Born and raised in Busan, the BIFF executive programmer Kim Ji-seok is truly a Busan man. Most internationally known of BIFF’s co-founding troika, Kim has been one of the festival’s guiding forces since its first edition. His fingerprints have been indelibly carved on the program, more specifically in the BIFF’s signature Asian selections. “We never knew we would last for so many years, let alone become Asia’s largest film festival,” Kim tells Variety. “In the 20th year, we want to go back to our roots, instead of doing anything glamorous.”
What is the most significant change that has happened to BIFF in two decades?
That we all got old. I sometimes look up at our old photos and get astonished at how young we were then.
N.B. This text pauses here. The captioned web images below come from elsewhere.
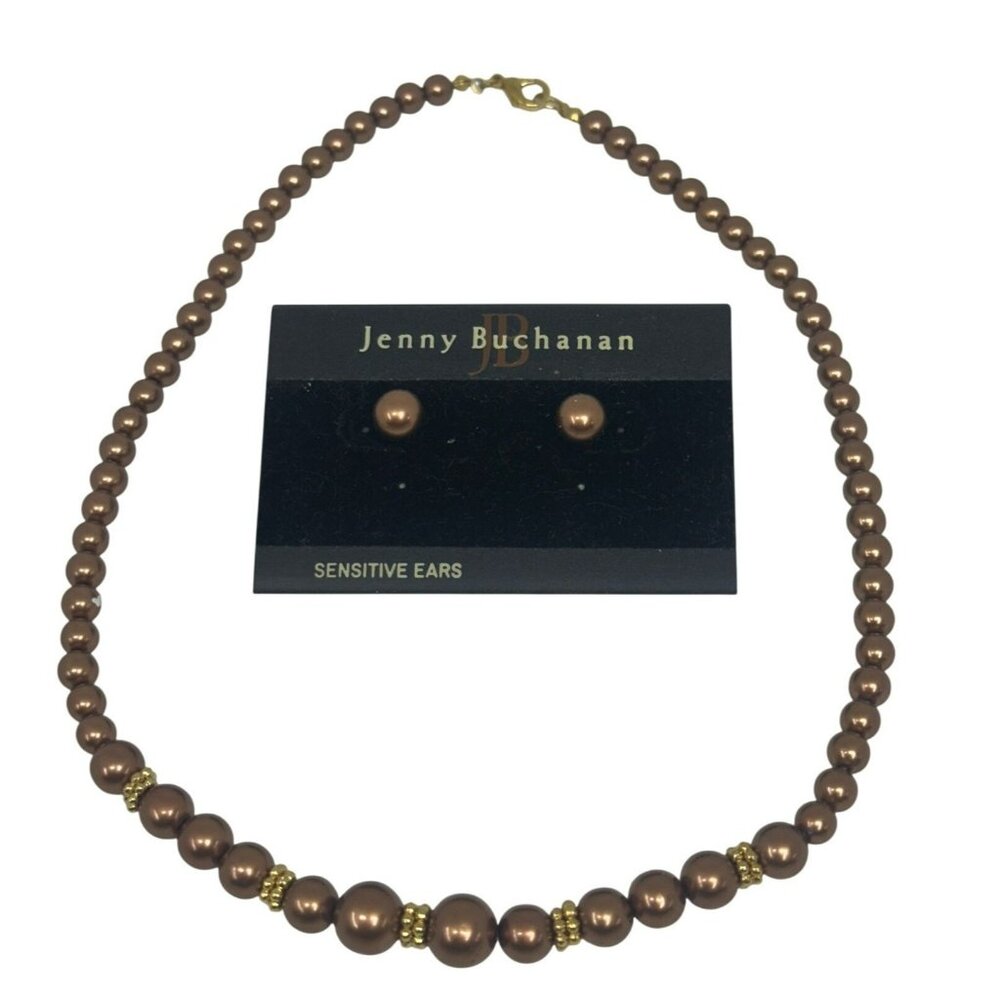 Jenny Buchanan‎ Rose Gold Pearl Necklace & Earrings Set | Hypoallergenic Jewelry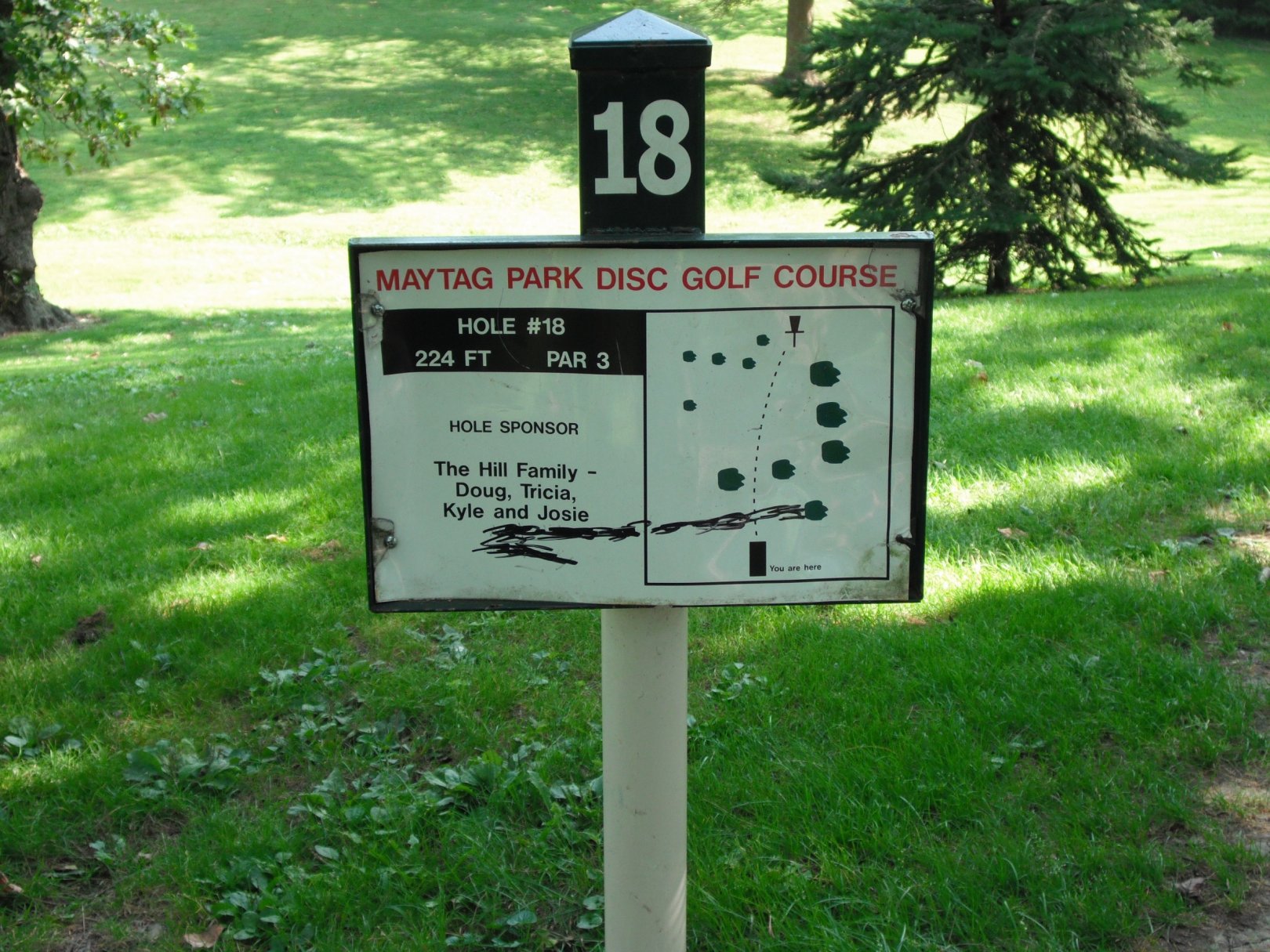Hole 18 • Maytag Park (Newton, IA) Disc Golf Courses Disc Golf Scene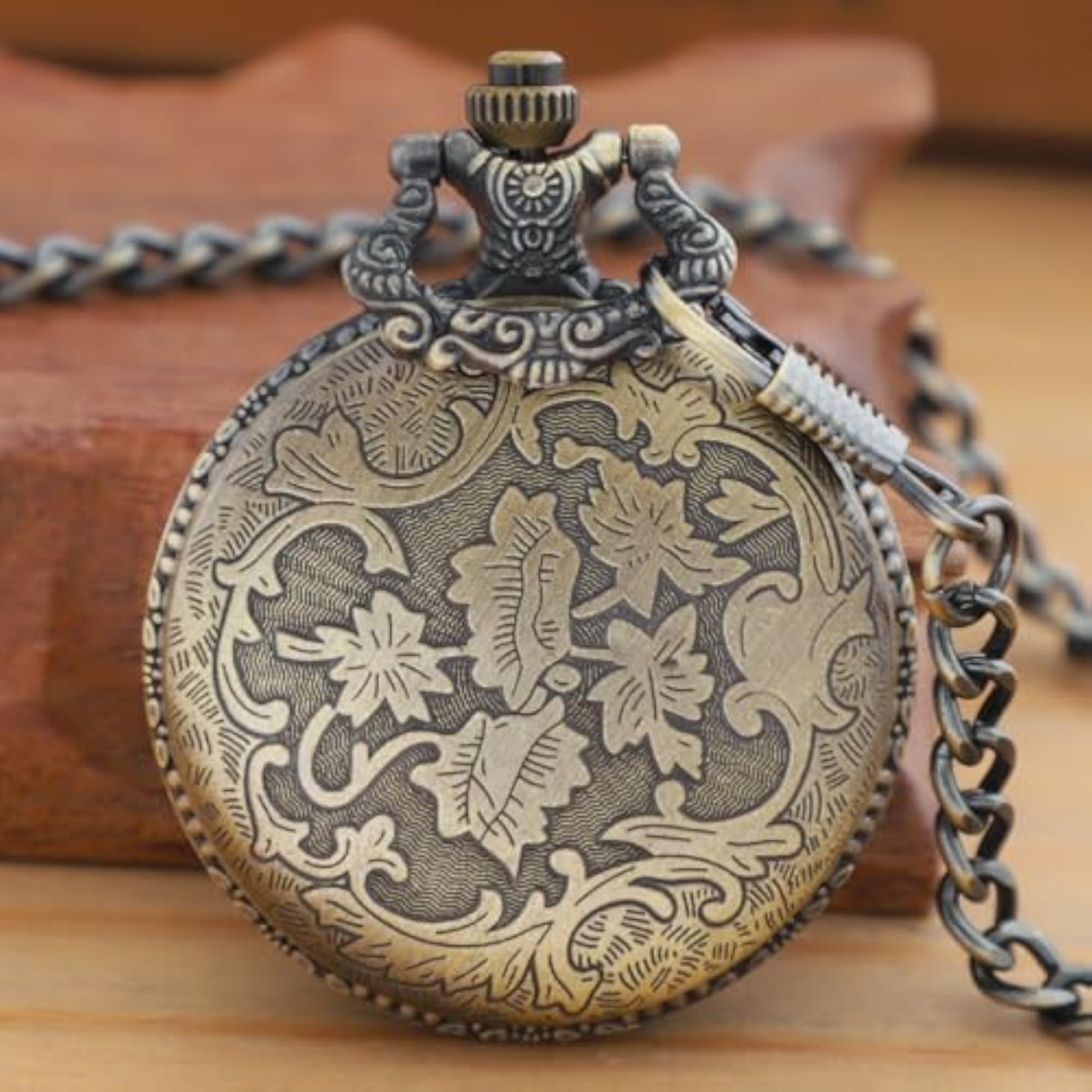 Bronze Hollowed Out Eagle Quartz Pocket Watch with Chain, Gift for Him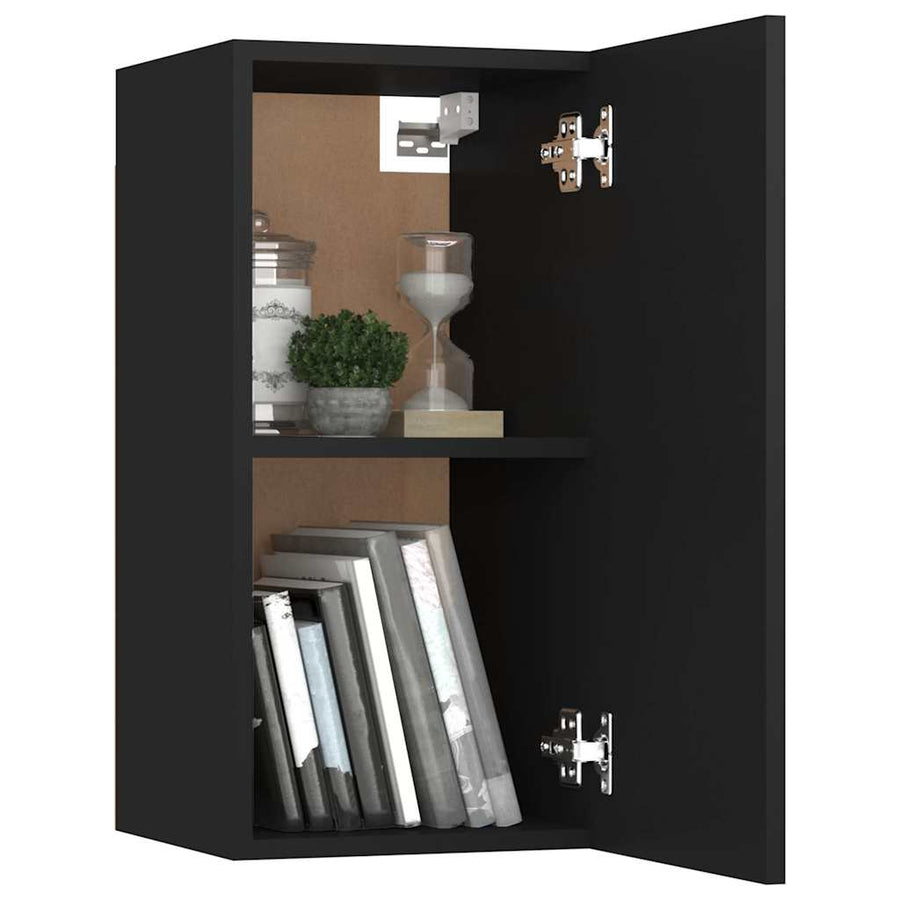 8 Piece TV Cabinet Set Black Engineered Wood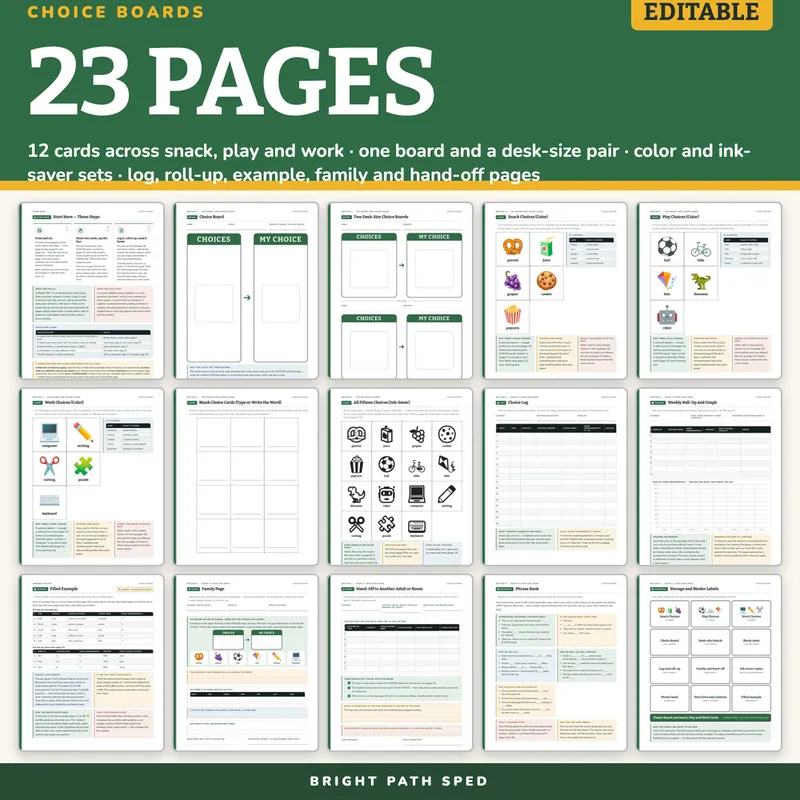 Choice Boards for Special Education, image 4 of 4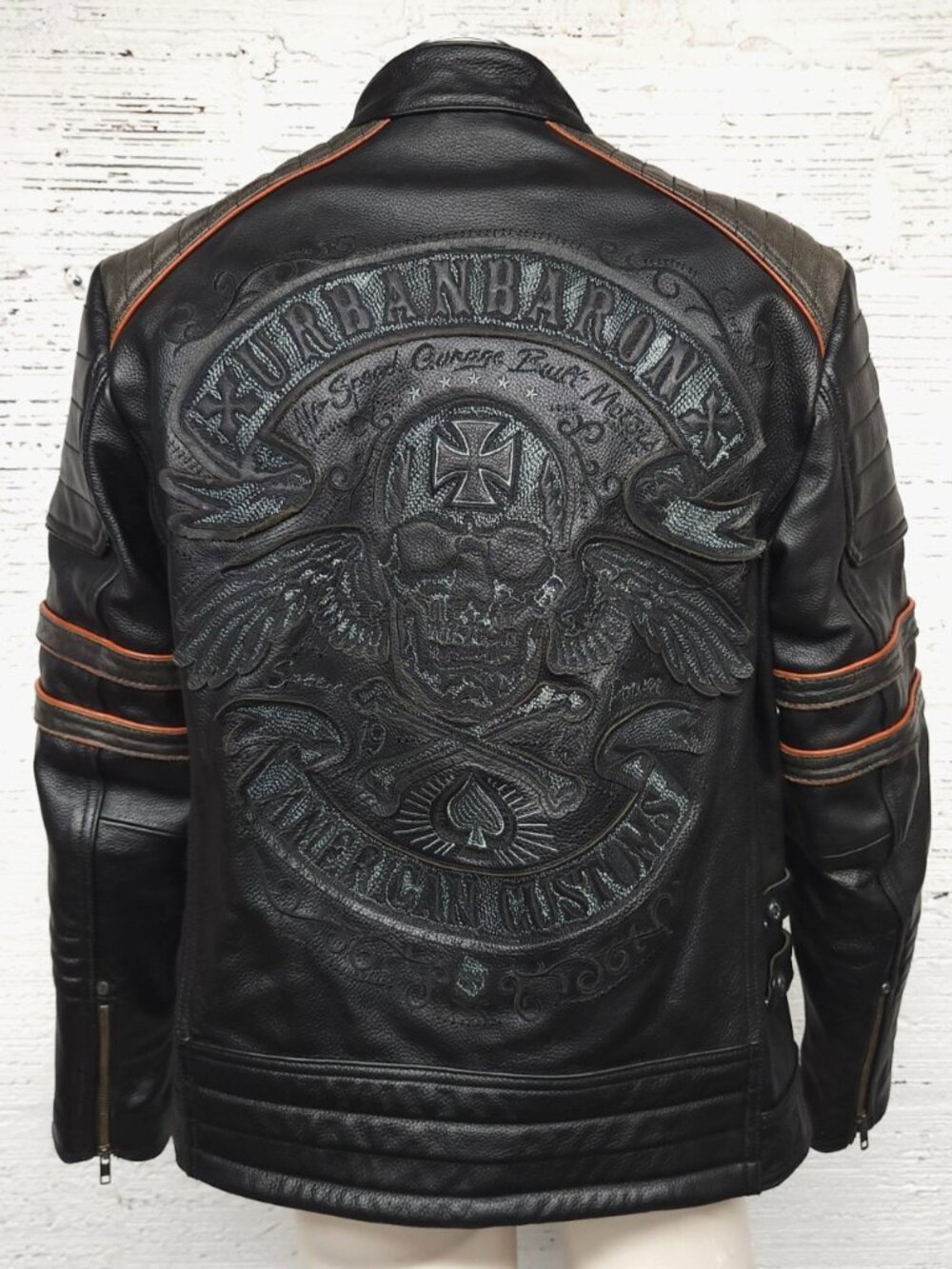 Urban Baron American Customs XXL Black Leather Embossed Skull Motorcycle Jacket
A more serious answer would be that we now have the Busan Cinema Center, the luxurious dedicated venue for the BIFF.
What is the story behind selecting “Zubaan” as the opening screener?
“Zubaan” is a fine directorial debut feature of India’s recognized screenwriter Mozez Singh. Also importantly, Guneet Monga, the film’s producer was the key. He is especially talented in discovering young directors, making films where both artistry and popular appeal are blended in one, and selling them abroad. My absolute trust in him and the quality of “Zubaan” made me choose it without hesitation.
There are fewer films in the New Currents competition this year.
True, but we have more films from those regions to which we have not paid enough attention so far. I believe this edition will help us further broaden and diversify our selection of Asian films in the future.
As a programmer, what were your main goals for the 20th edition?
We wanted a program that can show our identity as a 20-year-old festival which has constantly showcased Asian auteur films. The Asian Cinema 100 was definitely worth doing in that sense. It perfectly represents our history and our future goals.
You’ve spent 20 years with the festival. It seems like you can identify your own life with the fest’s history.
I got married the year we started the fest, and my son says that he wants to work for the BIFF too. In that sense, my life is a Hou Hsiao-hsien film itself: you can see the upheavals of the BIFF history by looking at my life.